• _Required action_
The whole listing, exactly as given: write it out, leaving out each image.

• _Data segment_

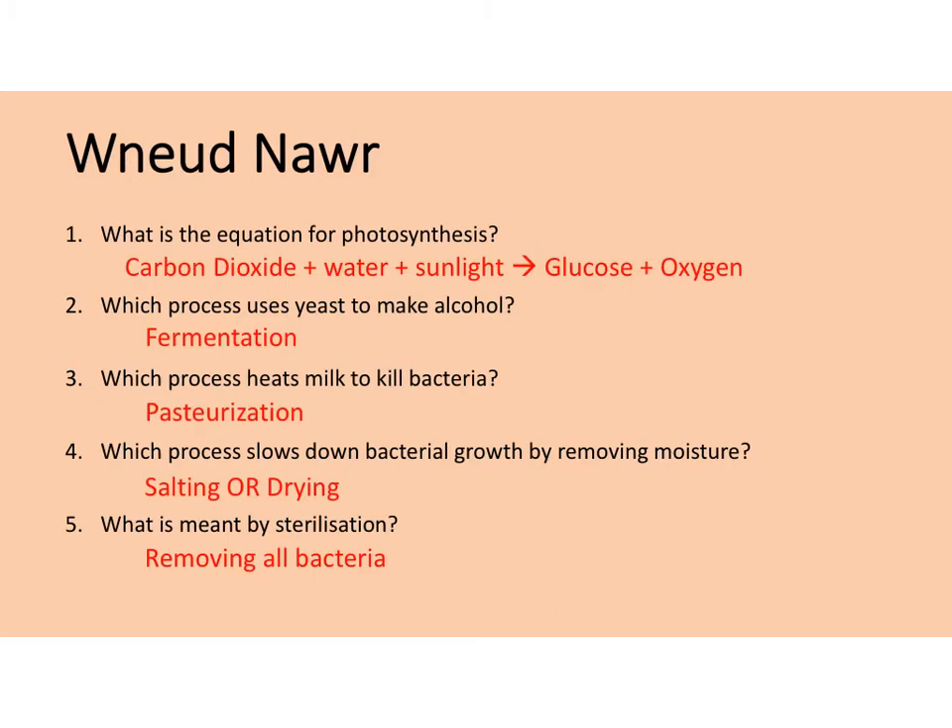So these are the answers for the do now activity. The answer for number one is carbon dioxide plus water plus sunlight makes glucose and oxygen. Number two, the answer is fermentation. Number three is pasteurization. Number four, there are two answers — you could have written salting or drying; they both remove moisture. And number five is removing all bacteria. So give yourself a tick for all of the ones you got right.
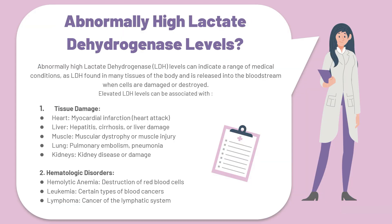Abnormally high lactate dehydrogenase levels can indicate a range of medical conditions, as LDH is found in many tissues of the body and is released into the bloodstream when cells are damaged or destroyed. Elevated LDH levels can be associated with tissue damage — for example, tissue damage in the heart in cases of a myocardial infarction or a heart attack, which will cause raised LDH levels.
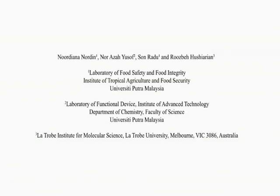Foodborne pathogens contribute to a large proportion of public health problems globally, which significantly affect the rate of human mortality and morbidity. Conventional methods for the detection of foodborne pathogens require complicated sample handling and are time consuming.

• _Answer box_
So these are the answers for the do now activity. The answer for number one is carbon dioxide plus water plus sunlight makes glucose and oxygen. Number two, the answer is fermentation. Number three is pasteurization. Number four, there are two answers — you could have written salting or drying; they both remove moisture. And number five is removing all bacteria. So give yourself a tick for all of the ones you got right.
Abnormally high lactate dehydrogenase levels can indicate a range of medical conditions, as LDH is found in many tissues of the body and is released into the bloodstream when cells are damaged or destroyed. Elevated LDH levels can be associated with tissue damage — for example, tissue damage in the heart in cases of a myocardial infarction or a heart attack, which will cause raised LDH levels.
Foodborne pathogens contribute to a large proportion of public health problems globally, which significantly affect the rate of human mortality and morbidity. Conventional methods for the detection of foodborne pathogens require complicated sample handling and are time consuming.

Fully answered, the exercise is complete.